** Source data follows **
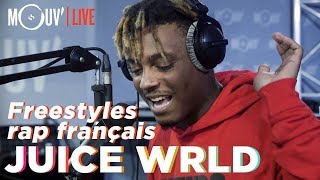 Juice WRLD freestyle sur du Niska NTM 113 Dadju Ninho  freestyles on french rap beats [upl. by Kcirdlek]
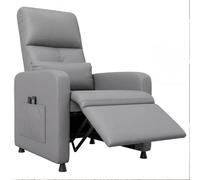 Garvee Sillón reclinable eléctrico con Masaje y Calor - Respaldo Alto ergonómico - Tapizado en Piel sintética PU - Asiento Acolchado, Soporte Lumbar - Puerto USB y Bolsillos Laterales - Ideal para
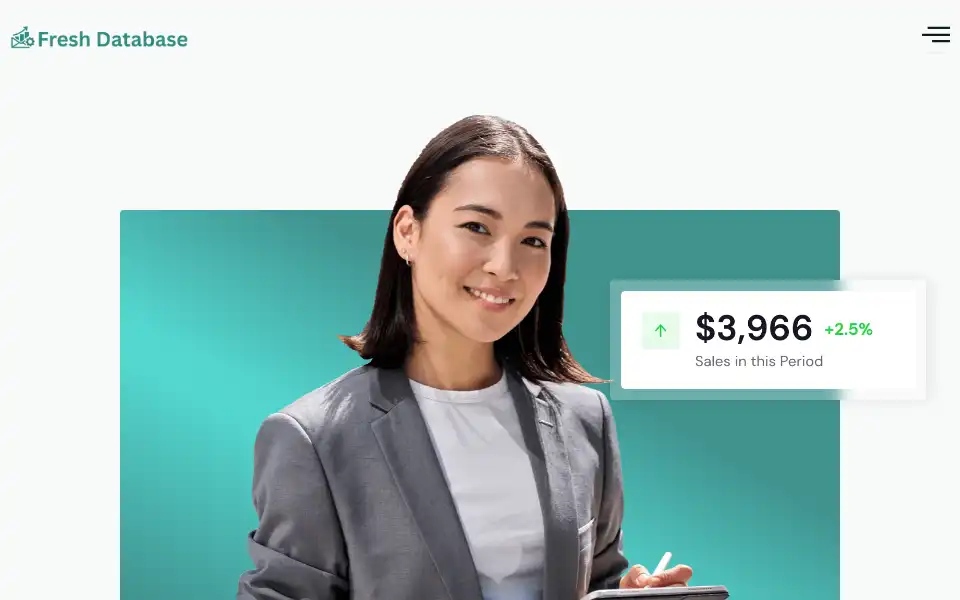 Screenshot of freshdatabases.com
** End of Source data **
Exercise requirements: Drop the images and repeat the data exactly.

Task response:
 Juice WRLD freestyle sur du Niska NTM 113 Dadju Ninho  freestyles on french rap beats [upl. by Kcirdlek]
 Garvee Sillón reclinable eléctrico con Masaje y Calor - Respaldo Alto ergonómico - Tapizado en Piel sintética PU - Asiento Acolchado, Soporte Lumbar - Puerto USB y Bolsillos Laterales - Ideal para
 Screenshot of freshdatabases.com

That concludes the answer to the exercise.